WHAT YOU NEED TO DO >> Search the data for "Volkswagen". Return each matching line.

Saved data entries
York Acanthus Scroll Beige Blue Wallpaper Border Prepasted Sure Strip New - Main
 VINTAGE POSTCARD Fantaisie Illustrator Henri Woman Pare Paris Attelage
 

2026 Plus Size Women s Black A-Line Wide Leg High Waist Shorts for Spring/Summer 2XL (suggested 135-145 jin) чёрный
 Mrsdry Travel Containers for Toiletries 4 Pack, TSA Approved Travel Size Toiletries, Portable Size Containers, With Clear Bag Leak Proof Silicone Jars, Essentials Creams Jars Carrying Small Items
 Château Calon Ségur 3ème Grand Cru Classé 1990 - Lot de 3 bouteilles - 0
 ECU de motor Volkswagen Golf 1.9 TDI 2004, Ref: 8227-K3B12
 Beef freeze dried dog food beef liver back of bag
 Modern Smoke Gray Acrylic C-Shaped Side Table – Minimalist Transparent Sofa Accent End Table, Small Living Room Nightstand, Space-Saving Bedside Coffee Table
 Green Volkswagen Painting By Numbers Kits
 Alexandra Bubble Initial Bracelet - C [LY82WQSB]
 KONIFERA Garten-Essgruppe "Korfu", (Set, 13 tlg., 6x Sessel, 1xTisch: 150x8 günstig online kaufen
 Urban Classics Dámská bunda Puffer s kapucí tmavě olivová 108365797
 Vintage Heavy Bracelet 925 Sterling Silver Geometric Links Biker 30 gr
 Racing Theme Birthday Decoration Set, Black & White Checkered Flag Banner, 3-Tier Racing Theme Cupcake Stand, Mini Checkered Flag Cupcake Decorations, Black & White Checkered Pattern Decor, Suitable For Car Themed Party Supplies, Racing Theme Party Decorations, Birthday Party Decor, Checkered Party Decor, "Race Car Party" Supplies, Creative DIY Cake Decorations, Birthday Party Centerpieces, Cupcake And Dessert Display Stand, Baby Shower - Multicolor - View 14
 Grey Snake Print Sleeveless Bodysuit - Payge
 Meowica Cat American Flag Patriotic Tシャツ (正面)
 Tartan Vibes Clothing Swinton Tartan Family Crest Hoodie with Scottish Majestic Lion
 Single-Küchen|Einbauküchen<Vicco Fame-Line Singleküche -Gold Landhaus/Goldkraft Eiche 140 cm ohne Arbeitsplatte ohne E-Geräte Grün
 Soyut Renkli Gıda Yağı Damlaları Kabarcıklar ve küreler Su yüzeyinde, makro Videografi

OUTPUT OF THE TASK >>
 ECU de motor Volkswagen Golf 1.9 TDI 2004, Ref: 8227-K3B12
 Green Volkswagen Painting By Numbers Kits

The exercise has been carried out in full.